NEW YORK—On any given day, as much as two-thirds of the transaction activity registered on the Bitcoin network has nothing to do with buying goods and services or trading the virtual currency, a new analysis has found.
“Volume figures are being influenced by a range of other factors such as so-called mixers reshuffling balances between their own accounts, mining pools disbursing coins to members, outright scams such as spoofing and market manipulation,” reported Bloomberg, citing Coinmetrics data.
Bitcoin isn’t alone. On a recent day, more than 45% of transactions on Ethereum are non-economic, such as spam, Bloomberg said.
“At one point, 98% of transactions on the digital token Cardano had no economic value,” Bloomberg reported.

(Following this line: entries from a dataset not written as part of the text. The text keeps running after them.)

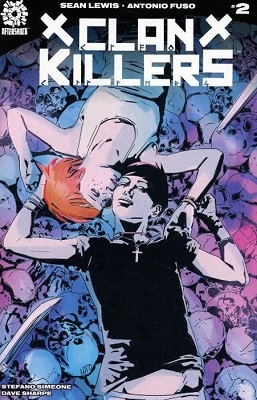 Clankillers no. 2 (2018 Series)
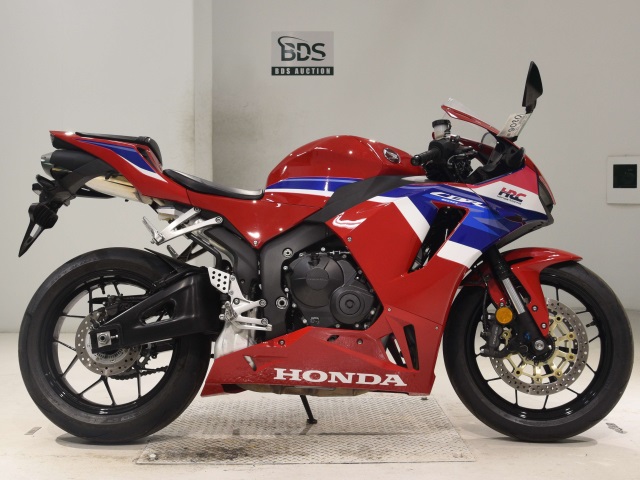 Honda CBR600RR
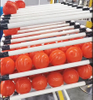Hot Sale 101.4 KHz Orange Telecommunication Underground Utility Fiber Optic Cable Locate Ball Markers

While the anonymity of the blockchain is one of the key founding principles of Bitcoin, the lack of transparency on the distributed ledger technology is seen by some industry participants as a hindrance to greater acceptance by both institutional and individual investors, as well as regulators, noted Bloomberg.
“If this space is not a joke but serious, then people need to know more,” said Charlie Morris, who manages $300 million for London-based Newscape Capital Group, in the Bloomberg report. “You’d want to know the facts. If institutional money is going to come into Bitcoin, they’ve got to understand what they are buying.”